Open Datasets	Yes	We conduct experiments on three widely used real world datasets: AIDS700 [17], Linux [33, 17], and IMDB [17, 34]. Each dataset is split into 60%, 20% and 20% as training graphs, validation graphs and testing graphs, respectively. We construct training, validation, and testing graph pairs, and generate their corresponding ground-truth GEDs and node matching matrices for evaluation following the strategy described in [11]. More details of the datasets can be found in Appendix B.1.
Dataset Splits	Yes	Each dataset is split into 60%, 20% and 20% as training graphs, validation graphs and testing graphs, respectively. We construct training, validation, and testing graph pairs, and generate their corresponding ground-truth GEDs and node matching matrices for evaluation following the strategy described in [11]. More details of the datasets can be found in Appendix B.1.

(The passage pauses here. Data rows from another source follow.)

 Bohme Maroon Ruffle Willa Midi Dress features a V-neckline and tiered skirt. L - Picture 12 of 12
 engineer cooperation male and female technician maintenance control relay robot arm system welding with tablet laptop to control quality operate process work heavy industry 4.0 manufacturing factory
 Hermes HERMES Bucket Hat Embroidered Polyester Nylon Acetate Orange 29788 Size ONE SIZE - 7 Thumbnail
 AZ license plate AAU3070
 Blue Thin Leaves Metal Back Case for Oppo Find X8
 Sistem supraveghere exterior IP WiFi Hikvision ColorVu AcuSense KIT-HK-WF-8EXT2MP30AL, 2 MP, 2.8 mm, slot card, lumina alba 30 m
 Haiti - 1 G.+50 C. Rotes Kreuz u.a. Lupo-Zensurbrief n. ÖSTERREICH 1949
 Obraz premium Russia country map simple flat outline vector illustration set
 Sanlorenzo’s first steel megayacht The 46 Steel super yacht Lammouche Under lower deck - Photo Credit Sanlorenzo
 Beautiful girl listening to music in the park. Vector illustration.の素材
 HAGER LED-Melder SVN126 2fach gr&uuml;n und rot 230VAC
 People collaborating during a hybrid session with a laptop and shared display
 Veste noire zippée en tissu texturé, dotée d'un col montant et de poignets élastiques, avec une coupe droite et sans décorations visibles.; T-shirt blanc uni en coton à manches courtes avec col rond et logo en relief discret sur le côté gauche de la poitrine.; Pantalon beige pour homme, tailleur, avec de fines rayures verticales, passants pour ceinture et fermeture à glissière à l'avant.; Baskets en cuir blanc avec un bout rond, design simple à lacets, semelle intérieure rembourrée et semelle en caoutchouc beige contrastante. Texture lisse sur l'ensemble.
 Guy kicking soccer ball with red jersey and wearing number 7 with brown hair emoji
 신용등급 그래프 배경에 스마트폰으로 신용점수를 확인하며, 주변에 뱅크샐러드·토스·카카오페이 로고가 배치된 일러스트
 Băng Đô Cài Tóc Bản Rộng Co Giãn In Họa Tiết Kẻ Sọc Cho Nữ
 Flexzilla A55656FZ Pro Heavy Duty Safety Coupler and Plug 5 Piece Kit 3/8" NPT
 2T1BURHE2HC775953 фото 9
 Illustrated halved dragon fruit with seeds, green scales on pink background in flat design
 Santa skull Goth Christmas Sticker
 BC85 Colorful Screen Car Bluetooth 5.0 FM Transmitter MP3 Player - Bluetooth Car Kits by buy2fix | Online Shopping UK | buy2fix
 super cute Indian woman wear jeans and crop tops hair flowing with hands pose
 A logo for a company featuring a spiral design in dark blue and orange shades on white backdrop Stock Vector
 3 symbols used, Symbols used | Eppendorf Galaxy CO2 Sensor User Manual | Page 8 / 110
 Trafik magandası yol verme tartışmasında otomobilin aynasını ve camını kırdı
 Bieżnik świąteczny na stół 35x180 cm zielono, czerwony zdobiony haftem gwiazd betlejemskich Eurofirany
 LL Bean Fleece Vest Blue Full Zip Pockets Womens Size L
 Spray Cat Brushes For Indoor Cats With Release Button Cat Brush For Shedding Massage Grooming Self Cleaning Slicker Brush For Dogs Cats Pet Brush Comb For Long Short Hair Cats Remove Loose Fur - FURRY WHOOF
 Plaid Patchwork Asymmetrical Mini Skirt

Hardware Specification	Yes	Testbed. All experiments are performed using an NVIDIA GeForce RTX 3090 24GB and an Intel Core i9-12900K CPU with 128GB RAM.
Software Dependencies	No	The paper does not specify particular software packages with version numbers. It mentions using an optimizer (RMSProp) and network architectures (GIN, AGNN), but not the specific software implementations (e.g., PyTorch, Python versions) with their respective version numbers.
Experiment Setup	Yes	Training. During training, the number of time steps T for the forward process is set to 1000 with a linear noise schedule, where β0 = 10^-4 and βT = 0.02. For the Gumbel-Sinkhorn operator, the number of iterations K is set to 5 and the temperature τ is set to 1. Moreover, we train gϕ and Dθ for 200 epochs with a batch size of 128. The loss weight λ for Lexplore in Lgϕ (Equation 6) is linearly annealed from from 1 to 0 during the first 100 epochs, and fixed at 0 for the remaining 100 epochs. For the optimizer, We adopt RMSProp with a learning rate of 0.001 and a weight decay of 5 * 10^-4. Inference. During inference, the number of time steps S for the reverse process is set to 10 with a linear denoising schedule. For each test graph pair, we generate k = 100 candidate node matching matrices in parallel.